Ausnützer und Nutznießer in Gestalt von wirtschaftlichem Gewinn, Ausübung von Macht über andere Menschen, Generierung von Anerkennung und Bestätigung (wie dank Erlangung von Bekanntheit und Prominenz) – also Aufwertung der persönlichen defizitären, identitätsgemäßen Substanz mittels Ersatzbefriedigung – sind selbst ernannte Gurus, Religionsführer, Bestsellerautoren und deren Verlage, und, und ...

So schließt sich der Kreis und alles bleibt im Grunde unverändert.

Zusammengefasst: Der Mensch hat sich von seinen wesens-/anlagegegebenen, anhand der psychischen Struktur definierten und verankerten Grundbedürfnissen weit entfernt und sich dadurch von sich selbst entfremdet (er weiß gar nicht wirklich, was er braucht). Er läuft diesen einzulösenden Vorgaben, bei denen es sich nicht um Kann-, sondern Muss-Bedingungen handelt, aber gleichwohl in symbolisierter Form (Ersatz- und Kompensationshandlungen) ein Leben lang mehr oder minder erfolglos hinterher, weil der Befriedigungswert der erlangten Symbole zu schwach ist und folglich laufend aufgefrischt werden muss.

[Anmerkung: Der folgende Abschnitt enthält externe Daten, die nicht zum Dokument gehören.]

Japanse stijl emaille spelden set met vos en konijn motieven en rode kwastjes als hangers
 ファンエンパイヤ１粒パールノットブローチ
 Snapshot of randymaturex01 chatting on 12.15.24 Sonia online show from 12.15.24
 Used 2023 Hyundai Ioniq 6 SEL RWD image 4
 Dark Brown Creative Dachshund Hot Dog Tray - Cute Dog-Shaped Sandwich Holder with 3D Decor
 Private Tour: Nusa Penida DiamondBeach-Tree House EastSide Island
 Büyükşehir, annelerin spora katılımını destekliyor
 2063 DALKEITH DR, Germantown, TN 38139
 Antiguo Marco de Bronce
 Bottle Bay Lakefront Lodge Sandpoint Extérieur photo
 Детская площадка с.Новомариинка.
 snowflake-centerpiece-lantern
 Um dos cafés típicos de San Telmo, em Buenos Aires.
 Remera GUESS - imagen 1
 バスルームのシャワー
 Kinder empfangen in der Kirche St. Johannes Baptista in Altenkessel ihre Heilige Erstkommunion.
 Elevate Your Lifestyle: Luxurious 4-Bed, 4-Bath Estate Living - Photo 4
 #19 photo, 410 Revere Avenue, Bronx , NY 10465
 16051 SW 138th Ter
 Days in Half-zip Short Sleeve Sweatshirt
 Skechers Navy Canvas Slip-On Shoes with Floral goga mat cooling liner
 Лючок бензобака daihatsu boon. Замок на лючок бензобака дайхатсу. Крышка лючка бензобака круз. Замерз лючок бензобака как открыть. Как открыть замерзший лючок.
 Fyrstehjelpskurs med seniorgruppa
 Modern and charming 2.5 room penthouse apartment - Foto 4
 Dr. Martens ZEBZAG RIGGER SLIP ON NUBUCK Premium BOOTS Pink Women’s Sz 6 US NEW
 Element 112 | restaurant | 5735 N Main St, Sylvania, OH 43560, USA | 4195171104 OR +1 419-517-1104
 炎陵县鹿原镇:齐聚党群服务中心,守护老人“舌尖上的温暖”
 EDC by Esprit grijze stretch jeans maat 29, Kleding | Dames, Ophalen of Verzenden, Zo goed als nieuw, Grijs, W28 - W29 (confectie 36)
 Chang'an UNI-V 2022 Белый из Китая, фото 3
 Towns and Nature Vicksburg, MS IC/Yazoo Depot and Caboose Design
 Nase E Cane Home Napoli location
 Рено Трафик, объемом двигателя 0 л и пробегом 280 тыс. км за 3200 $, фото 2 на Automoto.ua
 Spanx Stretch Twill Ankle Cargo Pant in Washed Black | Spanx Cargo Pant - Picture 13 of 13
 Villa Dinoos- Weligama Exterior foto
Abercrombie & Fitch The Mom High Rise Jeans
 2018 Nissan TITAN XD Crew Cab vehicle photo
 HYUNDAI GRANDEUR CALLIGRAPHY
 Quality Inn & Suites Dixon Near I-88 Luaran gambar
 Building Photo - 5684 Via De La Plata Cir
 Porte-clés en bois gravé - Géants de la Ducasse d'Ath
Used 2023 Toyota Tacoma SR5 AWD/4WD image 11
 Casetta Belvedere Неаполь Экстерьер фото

Das Fatale daran ist, dass der Mensch die beschriebenen Zusammenhänge nicht tiefgründig wahrnimmt und aus dieser Unkenntnis sein Verhalten als normal und, wie es so schön pauschal heißt, als zutiefst menschlich ansieht.

Überspitzt ausgedrückt, jedoch im Kern zutreffend: Der Mensch lebt ein falsches Leben, ohne es de facto zu wissen.

Nochmals anders formuliert: Die falschen Grundannahmen hinsichtlich ihrer Natur (Stichwort: Identitätsproblematik, Urangst) haben die Menschheit zu einer fragilen und labilen Konstitution geführt, die lediglich kraft Ersatzbefriedigungen (westliche Nationen) oder Gewalt/Angst vor Repression (Diktaturen) aufrechterhalten werden kann. Angesichts der starken Abhängigkeiten von Ersatz-und Kompensationshandlungen besteht für das sich herausgebildete, instabile Pseudogleichgewicht (gesellschaftlicher Frieden) eine permanente Gefährdung, und bei Wegfall dieser substanziell schwachen wie künstlichen Stabilitätsanker kann die Lage schnell umschlagen, das System ins Wanken geraten oder schlimmstenfalls kollabieren.

Unterschwellige, bisher unterdrückte bzw. in Schach gehaltene, durch die Identitätsproblematik anlässlich psychischer Defizite entstandene Aggressionen treten hervor und brechen aus, übermäßige Enthemmung, Nationalismus, Hetze, Randale bis hin zu Aufständen sind die Folge. Der Mensch wandelt diesbezüglich auf einem schmalen Grat und dieses Bewusstsein ist in der Politik, zwar zustande gekommen mittels einer irrigen Analyse respektive Anschauung nach dem Motto „im Wesen des Menschen grundsätzlich veranlagt“, weit verbreitet.

Aus vordergründig verantwortungsvollen/humanistischen und hintergründig Macht erhaltenden Motiven steuert die Politik ob der genannten Ängste (z. B. vor Wiederholung historischer Ereignisse wie dem Nationalsozialismus) einen Kurs, der die Zumutbarkeit der zu fällenden Entscheidungen in den Mittelpunkt stellt und damit ausreichend Nachschub an Ersatzbefriedigung gewährleistet (in der Marktwirtschaft gleichzusetzen mit der Teilnahme am Konsum und unweigerlich unverminderten Raubbau an der Natur, exorbitanten Ressourcenverbrauch, etc.).

Im internationalen Rahmen wird in einer Art von Präventivmaßnahme per Einbindung in politische Unionen und Vertragswerke versucht, existente gefährliche Potenziale zu entschärfen.

Fazit: Im Kern traut der Mensch sich selbst nicht.